今夜、夫婦になります~俺様ドクターと極上な政略結婚~


勝手に話をまとめようとする怜士を沙帆は慌てて止める。

待ったと言わんばかりの声を上げた沙帆を、怜士は不思議そうに見つめた。


「いいわけない。何考えてるんですか? 私は、そういうつもり――」

「結婚するために今日来たんだろ?」

「それはっ……親に、無理矢理、で……顔は出すけど、話を進めるつもりは……」


お見合いの席にのこのこやって来ておいて、その相手に全くその気がないときっぱり口にする勇気はさすがになかった。

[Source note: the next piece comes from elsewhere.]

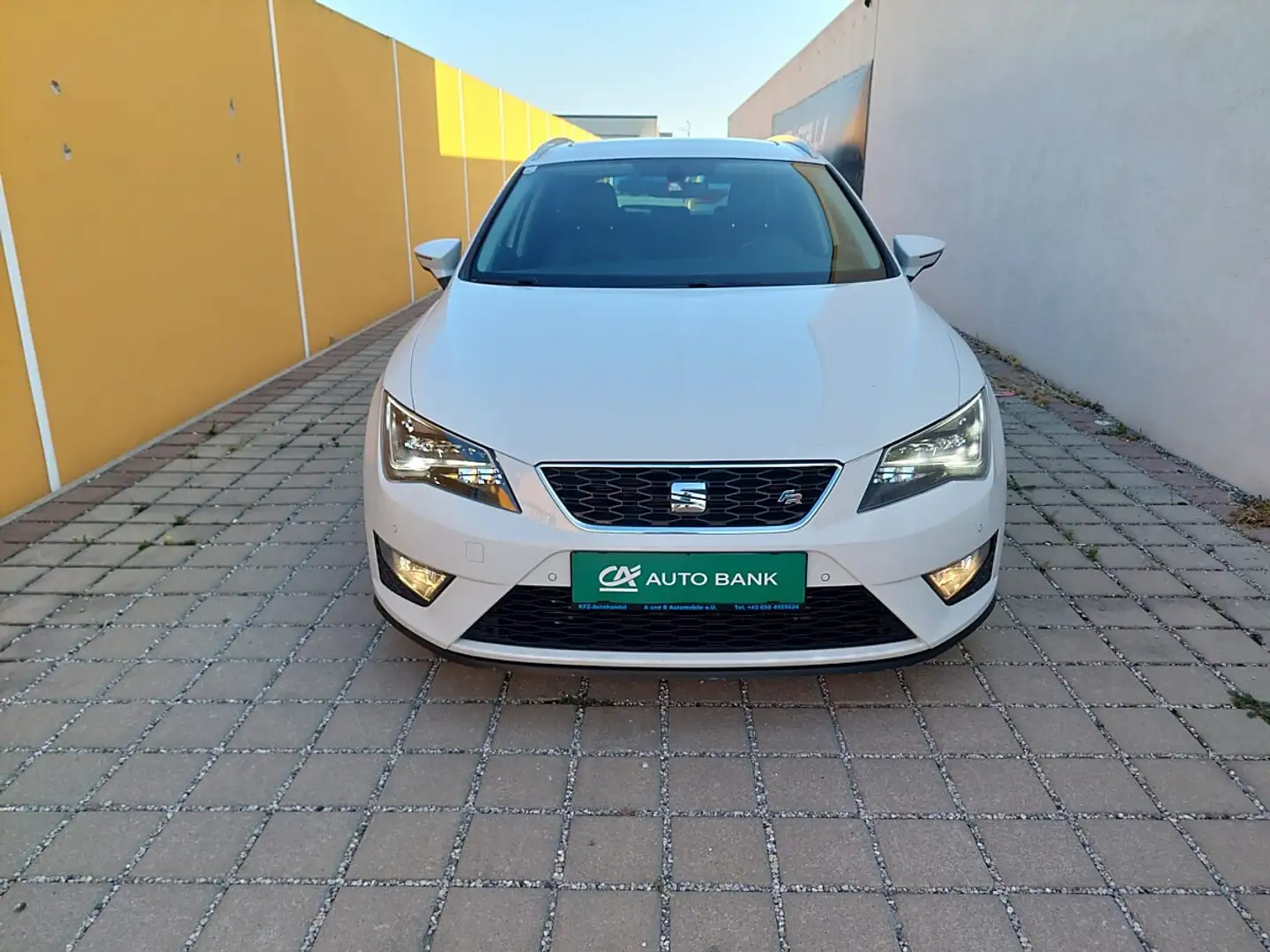 SEAT Leon ST FR 2,0 TDI CR 4Drive Finanzierung möglich Weiß - 2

濁すようにごにょごにょ喋る沙帆を、今度は怜士が目を細めて眺める。

切れ長の目に鋭い視線を送られ、沙帆はびくりと肩を震わせた。


「とっ、とにかく、私は医者は嫌なの! 今まで親にも、付き合った人でも、振り回されてきた。結婚してまで、一生振り回されるなんてごめんなの!」


胸の内を吐き出すと、辺りは急にしんと静寂に包まれたようだった。

流れる小川のせせらぎが、妙に大きく存在感を露わにする。


「……わかった」


落ちた沈黙の中、フッと真意のわからない笑みがこぼされた。